(Supplied material begins)

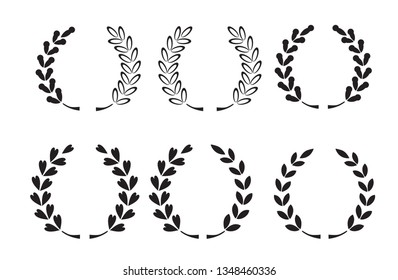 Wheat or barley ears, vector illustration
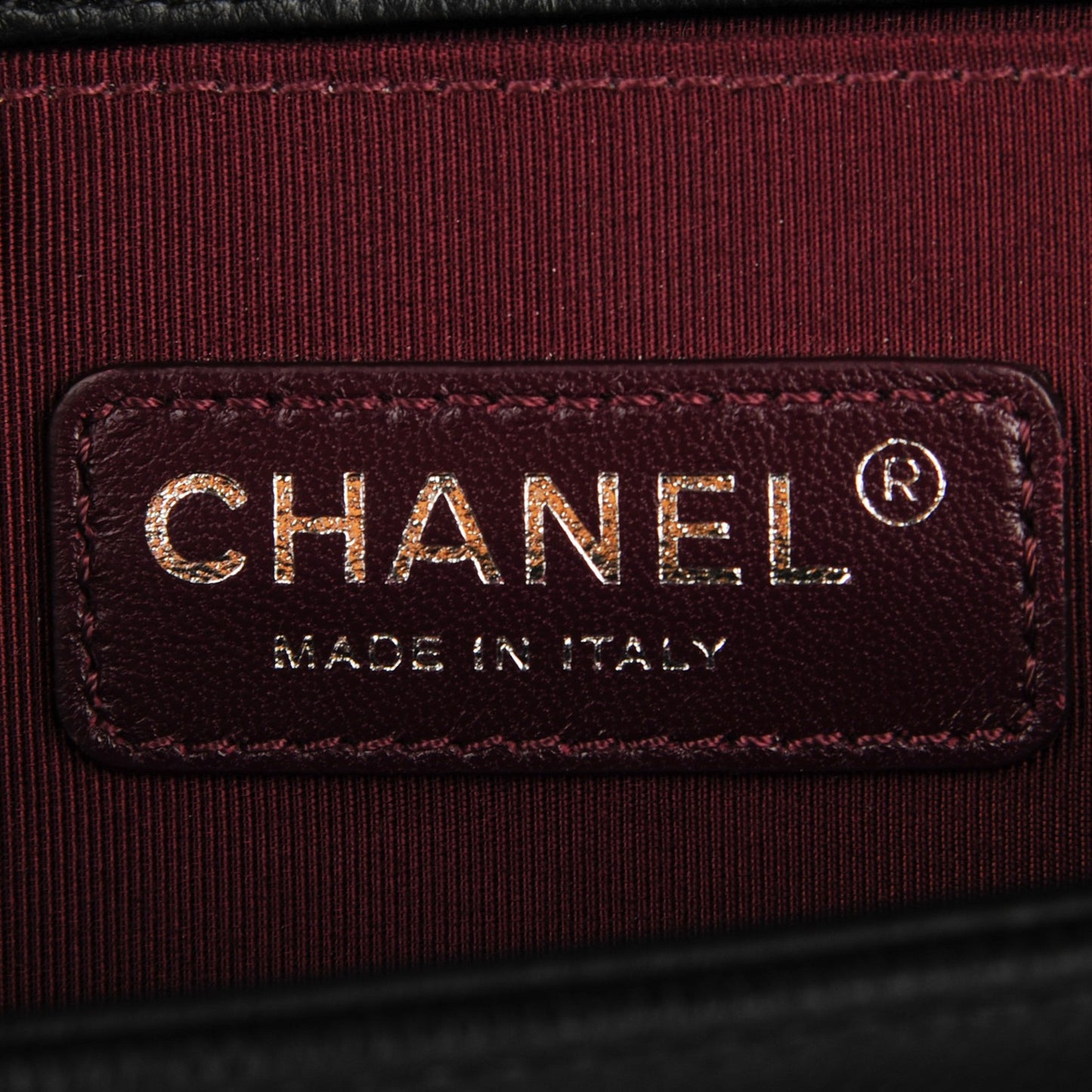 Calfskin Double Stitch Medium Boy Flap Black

(Supplied material ends)
(Supplied material begins)

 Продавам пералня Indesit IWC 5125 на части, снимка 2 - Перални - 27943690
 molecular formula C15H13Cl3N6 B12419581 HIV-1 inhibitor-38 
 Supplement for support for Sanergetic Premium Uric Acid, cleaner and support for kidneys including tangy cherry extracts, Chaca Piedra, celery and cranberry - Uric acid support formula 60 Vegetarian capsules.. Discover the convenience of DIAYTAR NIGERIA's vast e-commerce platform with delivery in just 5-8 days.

(Supplied material ends)

[Instructions for the task] The reply should hold the entries above from the line with "Wheat or barley ears, vector illustration" to the line with "Calfskin Double Stitch Medium Boy Flap Black", duplicated exactly, pictures excluded.

[Task result]
 Wheat or barley ears, vector illustration
 Calfskin Double Stitch Medium Boy Flap Black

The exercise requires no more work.